◆ **WORK INSTRUCTIONS**:
Report how many lines in the listing below include the word "Property". Write nothing besides the number.

◆ **RECORD EXCERPTS**:
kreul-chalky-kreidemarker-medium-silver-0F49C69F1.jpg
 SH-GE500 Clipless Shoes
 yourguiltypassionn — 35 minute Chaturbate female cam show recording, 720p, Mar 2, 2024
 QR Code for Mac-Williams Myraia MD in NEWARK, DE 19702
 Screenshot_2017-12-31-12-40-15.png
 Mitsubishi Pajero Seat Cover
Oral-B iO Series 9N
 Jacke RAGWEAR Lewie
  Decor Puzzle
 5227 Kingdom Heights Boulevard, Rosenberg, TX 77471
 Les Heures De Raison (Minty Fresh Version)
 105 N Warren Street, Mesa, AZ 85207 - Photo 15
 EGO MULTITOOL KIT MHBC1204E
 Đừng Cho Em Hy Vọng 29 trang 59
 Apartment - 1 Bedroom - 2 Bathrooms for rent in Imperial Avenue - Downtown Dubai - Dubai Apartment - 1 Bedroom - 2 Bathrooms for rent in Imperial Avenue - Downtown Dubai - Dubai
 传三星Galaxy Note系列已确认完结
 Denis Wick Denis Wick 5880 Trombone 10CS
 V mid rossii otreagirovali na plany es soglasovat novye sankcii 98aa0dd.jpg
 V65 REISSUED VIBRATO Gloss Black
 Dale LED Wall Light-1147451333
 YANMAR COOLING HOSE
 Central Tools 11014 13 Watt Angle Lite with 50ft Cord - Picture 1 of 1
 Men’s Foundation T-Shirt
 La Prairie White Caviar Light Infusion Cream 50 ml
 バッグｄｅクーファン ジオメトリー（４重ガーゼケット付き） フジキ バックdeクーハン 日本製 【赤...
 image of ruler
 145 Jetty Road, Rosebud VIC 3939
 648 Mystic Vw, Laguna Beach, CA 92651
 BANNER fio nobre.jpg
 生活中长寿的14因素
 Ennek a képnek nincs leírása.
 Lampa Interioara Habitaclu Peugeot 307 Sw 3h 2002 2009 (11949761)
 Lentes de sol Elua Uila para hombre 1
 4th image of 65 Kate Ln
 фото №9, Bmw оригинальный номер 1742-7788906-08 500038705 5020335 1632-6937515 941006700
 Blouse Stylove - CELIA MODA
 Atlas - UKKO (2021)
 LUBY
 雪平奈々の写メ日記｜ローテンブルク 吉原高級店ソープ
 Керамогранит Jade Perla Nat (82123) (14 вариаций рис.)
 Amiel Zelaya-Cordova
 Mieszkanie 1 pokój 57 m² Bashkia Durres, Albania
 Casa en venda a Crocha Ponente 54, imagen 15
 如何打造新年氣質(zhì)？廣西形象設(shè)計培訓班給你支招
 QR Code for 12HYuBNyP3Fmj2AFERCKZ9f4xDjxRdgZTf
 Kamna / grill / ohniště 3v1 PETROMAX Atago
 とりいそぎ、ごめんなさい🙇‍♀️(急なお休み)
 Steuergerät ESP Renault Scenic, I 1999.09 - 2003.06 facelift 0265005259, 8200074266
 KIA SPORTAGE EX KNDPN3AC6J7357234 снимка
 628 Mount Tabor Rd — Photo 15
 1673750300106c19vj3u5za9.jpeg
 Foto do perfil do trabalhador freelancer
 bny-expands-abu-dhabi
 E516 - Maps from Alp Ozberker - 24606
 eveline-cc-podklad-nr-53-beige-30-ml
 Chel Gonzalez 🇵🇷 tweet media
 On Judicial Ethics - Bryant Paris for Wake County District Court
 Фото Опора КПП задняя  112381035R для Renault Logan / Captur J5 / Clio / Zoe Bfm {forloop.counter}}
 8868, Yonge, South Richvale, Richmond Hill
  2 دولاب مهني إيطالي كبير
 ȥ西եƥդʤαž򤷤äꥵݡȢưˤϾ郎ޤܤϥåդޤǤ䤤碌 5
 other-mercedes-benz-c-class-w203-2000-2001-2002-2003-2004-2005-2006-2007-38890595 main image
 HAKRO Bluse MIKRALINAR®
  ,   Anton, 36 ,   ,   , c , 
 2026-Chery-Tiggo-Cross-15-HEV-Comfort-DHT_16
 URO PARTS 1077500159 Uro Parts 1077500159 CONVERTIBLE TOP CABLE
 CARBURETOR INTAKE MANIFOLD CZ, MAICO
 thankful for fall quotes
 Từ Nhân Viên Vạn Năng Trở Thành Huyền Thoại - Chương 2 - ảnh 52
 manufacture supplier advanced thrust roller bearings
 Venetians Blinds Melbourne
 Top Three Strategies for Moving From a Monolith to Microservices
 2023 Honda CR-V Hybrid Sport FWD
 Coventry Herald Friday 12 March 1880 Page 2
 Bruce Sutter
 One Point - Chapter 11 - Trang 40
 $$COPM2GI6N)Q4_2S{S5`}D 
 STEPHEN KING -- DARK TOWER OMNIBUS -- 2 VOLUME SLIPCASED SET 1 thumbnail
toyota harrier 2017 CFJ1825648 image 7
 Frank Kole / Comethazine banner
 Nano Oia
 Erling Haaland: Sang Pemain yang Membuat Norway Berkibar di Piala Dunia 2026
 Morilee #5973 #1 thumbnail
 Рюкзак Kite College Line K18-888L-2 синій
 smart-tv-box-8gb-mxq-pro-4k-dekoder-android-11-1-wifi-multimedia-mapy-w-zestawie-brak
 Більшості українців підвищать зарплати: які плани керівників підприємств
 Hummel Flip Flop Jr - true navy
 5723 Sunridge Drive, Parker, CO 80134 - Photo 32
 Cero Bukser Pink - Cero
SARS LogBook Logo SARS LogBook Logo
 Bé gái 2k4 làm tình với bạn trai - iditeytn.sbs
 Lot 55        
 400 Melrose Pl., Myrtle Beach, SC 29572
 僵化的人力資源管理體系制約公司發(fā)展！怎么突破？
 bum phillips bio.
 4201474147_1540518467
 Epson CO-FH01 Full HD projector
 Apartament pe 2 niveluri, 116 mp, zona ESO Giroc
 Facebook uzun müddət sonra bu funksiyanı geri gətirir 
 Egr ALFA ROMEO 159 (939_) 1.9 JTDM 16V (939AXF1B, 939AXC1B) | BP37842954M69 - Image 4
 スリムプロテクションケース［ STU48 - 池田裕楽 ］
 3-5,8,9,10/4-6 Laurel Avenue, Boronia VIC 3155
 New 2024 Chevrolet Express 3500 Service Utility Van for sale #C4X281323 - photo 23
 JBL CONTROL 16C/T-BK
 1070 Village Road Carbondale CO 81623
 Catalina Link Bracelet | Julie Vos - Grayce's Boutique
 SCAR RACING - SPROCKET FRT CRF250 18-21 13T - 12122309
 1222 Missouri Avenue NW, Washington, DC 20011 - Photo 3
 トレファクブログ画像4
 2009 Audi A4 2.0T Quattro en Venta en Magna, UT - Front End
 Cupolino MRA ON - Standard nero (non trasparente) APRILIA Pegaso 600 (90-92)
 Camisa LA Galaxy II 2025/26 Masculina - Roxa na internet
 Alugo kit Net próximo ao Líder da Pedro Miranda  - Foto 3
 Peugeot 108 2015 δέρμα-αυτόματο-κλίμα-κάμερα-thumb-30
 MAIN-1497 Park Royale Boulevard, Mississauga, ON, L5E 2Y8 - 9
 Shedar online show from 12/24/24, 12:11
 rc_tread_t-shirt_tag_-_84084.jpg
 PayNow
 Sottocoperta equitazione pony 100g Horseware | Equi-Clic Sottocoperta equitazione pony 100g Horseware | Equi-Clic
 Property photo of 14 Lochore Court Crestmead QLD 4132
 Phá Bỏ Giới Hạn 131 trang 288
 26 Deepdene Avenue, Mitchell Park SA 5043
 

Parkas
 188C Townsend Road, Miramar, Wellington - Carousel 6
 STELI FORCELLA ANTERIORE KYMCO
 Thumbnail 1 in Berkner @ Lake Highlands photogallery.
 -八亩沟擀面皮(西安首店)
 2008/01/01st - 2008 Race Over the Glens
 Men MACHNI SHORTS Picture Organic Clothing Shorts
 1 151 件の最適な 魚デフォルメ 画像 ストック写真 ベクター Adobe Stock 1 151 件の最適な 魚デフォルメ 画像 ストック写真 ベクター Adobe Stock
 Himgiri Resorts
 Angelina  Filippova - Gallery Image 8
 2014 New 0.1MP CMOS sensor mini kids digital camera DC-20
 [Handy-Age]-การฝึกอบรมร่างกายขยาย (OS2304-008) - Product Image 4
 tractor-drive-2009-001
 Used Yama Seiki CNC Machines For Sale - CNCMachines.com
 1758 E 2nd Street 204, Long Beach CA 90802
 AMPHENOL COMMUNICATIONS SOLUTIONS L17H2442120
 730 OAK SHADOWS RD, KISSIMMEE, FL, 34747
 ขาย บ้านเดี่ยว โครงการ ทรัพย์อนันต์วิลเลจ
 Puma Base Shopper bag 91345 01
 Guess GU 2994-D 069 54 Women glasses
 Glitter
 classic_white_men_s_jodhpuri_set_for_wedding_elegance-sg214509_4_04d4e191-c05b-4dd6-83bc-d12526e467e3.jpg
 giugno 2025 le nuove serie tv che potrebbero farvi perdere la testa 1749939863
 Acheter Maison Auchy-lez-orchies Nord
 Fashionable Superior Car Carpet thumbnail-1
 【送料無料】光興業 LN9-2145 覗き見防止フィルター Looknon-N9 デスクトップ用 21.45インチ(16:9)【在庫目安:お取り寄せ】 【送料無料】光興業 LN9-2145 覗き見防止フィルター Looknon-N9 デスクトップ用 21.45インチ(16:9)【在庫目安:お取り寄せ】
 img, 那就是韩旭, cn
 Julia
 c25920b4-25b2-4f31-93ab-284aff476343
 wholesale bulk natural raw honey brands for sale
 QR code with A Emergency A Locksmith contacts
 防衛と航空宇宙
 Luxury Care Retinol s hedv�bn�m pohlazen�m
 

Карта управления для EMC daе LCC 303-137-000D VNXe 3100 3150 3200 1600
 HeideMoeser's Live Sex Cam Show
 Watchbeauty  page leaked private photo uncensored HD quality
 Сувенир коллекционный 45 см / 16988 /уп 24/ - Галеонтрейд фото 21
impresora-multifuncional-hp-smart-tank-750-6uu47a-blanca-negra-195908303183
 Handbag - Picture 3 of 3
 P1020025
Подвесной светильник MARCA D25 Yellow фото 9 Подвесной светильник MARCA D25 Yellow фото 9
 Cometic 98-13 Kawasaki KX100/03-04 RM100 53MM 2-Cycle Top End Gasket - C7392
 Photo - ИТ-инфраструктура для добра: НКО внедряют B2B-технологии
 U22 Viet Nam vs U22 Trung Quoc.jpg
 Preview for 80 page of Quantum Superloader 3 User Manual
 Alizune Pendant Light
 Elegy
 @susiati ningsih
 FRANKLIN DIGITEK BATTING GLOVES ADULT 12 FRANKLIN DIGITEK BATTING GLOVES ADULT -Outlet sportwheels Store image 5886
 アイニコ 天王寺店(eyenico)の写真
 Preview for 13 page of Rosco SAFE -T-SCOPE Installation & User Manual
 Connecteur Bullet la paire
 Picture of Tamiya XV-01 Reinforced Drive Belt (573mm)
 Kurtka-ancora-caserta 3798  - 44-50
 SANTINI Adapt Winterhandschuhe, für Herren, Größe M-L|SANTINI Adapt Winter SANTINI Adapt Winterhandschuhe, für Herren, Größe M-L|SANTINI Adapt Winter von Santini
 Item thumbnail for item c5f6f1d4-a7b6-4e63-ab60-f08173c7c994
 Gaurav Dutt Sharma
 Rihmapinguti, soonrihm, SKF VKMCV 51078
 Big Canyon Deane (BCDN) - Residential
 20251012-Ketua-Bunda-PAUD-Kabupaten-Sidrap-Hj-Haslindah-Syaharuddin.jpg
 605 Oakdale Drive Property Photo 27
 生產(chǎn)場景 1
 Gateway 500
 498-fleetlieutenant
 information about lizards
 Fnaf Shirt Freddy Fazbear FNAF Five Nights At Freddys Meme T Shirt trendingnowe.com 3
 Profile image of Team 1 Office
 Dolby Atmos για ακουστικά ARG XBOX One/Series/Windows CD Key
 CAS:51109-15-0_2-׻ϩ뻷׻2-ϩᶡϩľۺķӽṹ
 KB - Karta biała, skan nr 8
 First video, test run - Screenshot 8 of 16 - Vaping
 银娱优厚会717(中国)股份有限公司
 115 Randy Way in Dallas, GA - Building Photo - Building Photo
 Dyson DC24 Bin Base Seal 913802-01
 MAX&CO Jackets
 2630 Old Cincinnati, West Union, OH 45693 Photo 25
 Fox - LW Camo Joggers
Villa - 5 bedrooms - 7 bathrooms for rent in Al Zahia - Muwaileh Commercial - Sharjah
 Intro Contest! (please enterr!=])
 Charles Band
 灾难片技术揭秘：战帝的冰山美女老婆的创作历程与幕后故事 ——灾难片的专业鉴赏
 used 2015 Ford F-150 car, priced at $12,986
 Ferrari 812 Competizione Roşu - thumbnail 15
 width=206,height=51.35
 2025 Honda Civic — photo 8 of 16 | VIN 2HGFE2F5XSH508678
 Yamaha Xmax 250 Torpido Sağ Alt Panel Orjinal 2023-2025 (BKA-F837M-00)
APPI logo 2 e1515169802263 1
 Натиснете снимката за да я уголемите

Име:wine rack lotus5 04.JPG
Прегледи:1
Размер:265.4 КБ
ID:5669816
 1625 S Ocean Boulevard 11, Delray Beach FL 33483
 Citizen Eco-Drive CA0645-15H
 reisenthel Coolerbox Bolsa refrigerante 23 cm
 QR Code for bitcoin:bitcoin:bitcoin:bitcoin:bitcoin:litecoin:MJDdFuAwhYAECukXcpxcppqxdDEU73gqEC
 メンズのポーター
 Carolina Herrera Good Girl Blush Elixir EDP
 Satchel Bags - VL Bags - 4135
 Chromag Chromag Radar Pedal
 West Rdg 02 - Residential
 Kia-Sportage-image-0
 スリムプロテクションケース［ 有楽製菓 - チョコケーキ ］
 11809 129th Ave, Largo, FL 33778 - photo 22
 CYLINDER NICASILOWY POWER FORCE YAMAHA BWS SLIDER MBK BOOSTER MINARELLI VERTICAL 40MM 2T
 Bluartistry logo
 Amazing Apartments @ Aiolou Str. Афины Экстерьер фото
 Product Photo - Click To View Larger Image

◆ **YOUR RESPONSE**:
2